ACTIVITY: Below are some records; output exactly the lines from the line with "Basically, use cp" to the line with "Create React App", both ends kept, and nothing more.

DATA SHOWN:
---

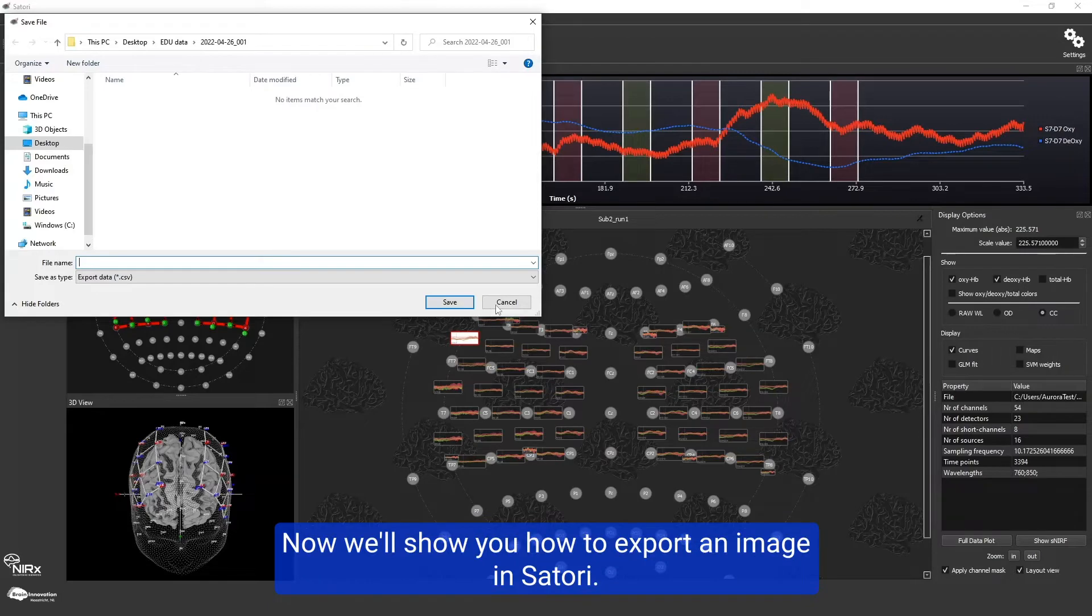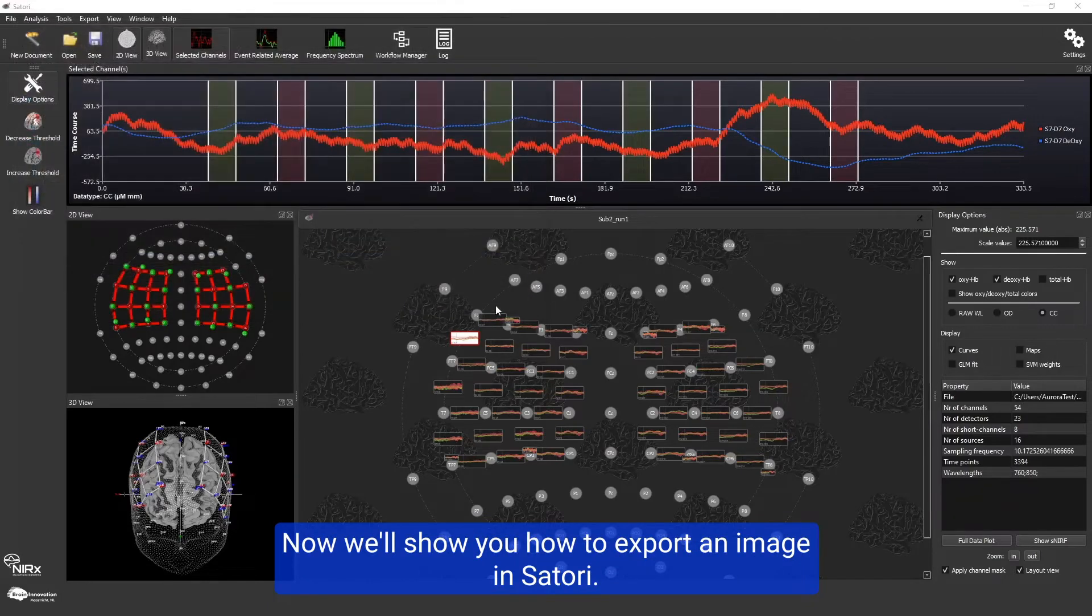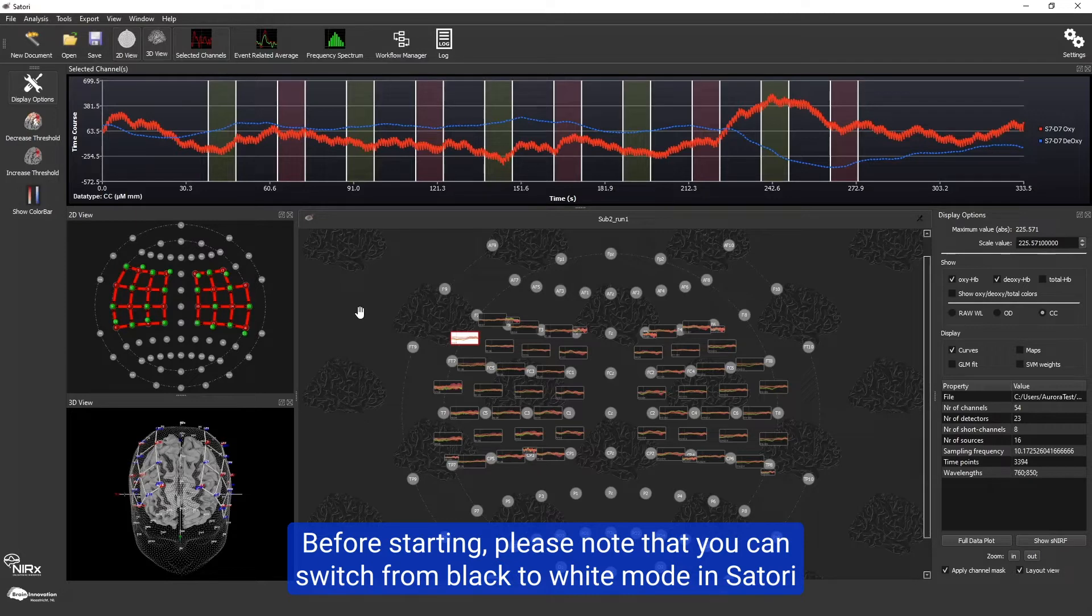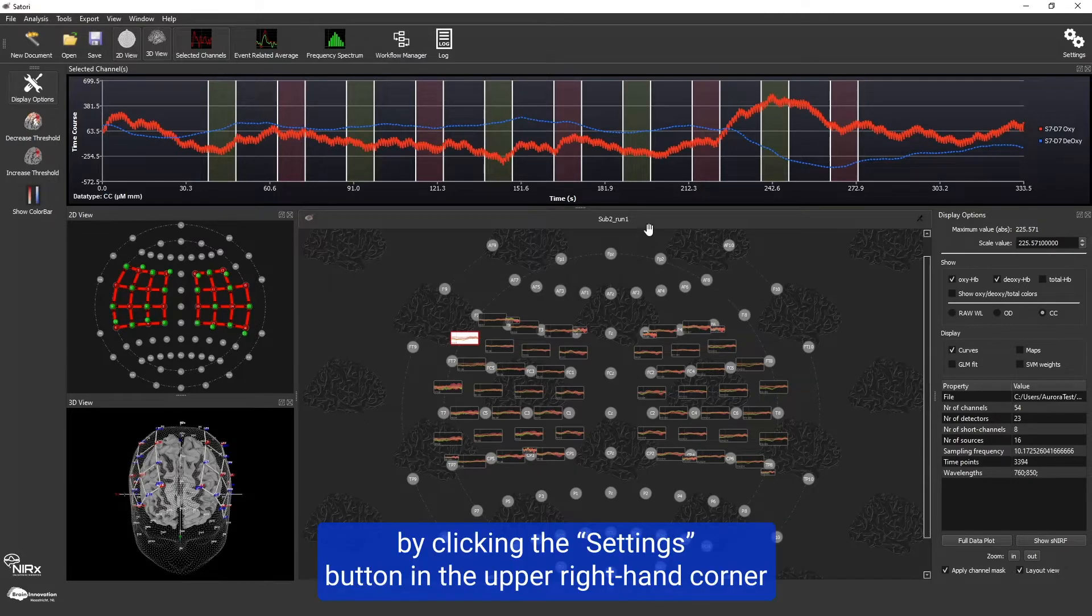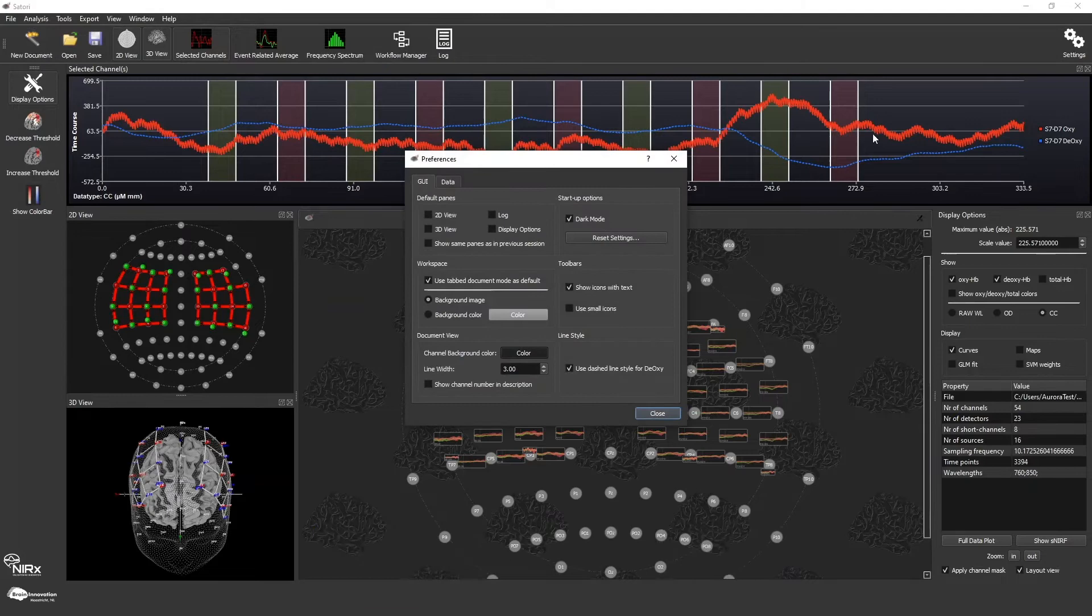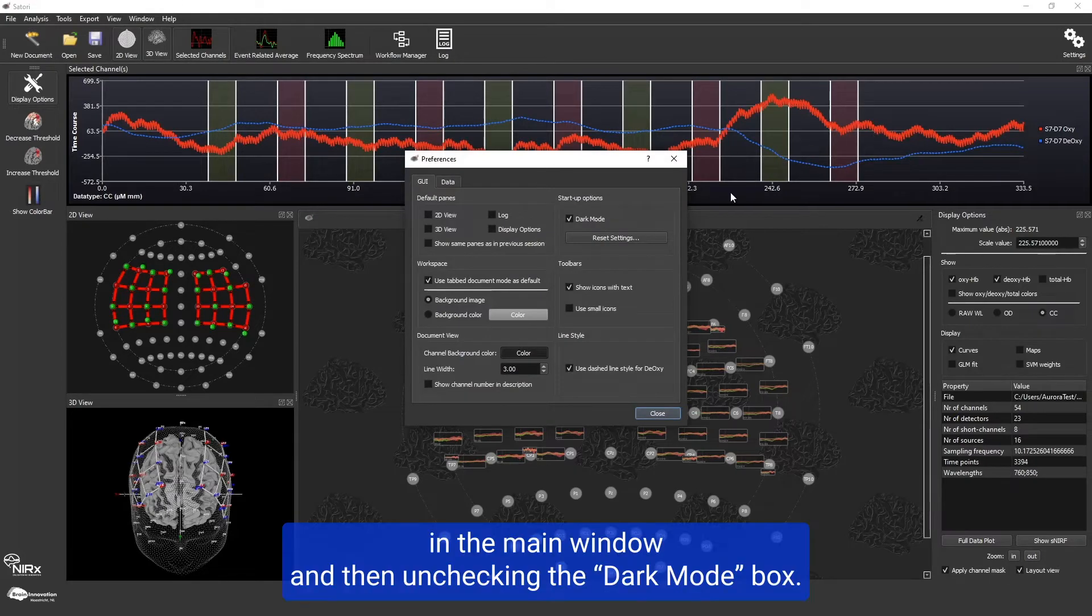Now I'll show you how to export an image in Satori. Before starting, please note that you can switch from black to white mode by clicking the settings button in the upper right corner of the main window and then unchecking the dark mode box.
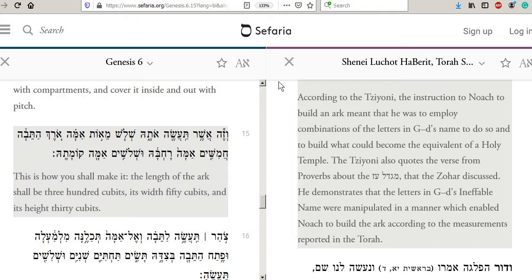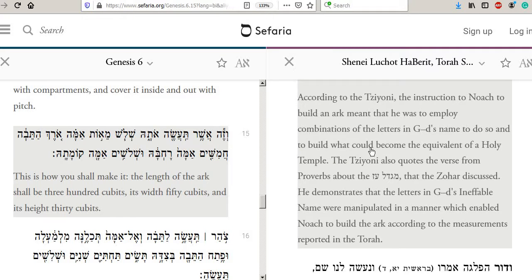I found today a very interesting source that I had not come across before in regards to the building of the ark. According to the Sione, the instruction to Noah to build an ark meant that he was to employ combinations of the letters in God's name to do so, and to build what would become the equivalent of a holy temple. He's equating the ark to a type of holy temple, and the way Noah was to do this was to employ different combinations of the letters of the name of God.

---

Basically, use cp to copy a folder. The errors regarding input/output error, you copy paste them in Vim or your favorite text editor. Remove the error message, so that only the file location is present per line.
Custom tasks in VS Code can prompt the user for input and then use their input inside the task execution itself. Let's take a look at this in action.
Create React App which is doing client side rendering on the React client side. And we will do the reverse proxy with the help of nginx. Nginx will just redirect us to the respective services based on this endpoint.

---

TASK RESULT:
Basically, use cp to copy a folder. The errors regarding input/output error, you copy paste them in Vim or your favorite text editor. Remove the error message, so that only the file location is present per line.
Custom tasks in VS Code can prompt the user for input and then use their input inside the task execution itself. Let's take a look at this in action.
Create React App which is doing client side rendering on the React client side. And we will do the reverse proxy with the help of nginx. Nginx will just redirect us to the respective services based on this endpoint.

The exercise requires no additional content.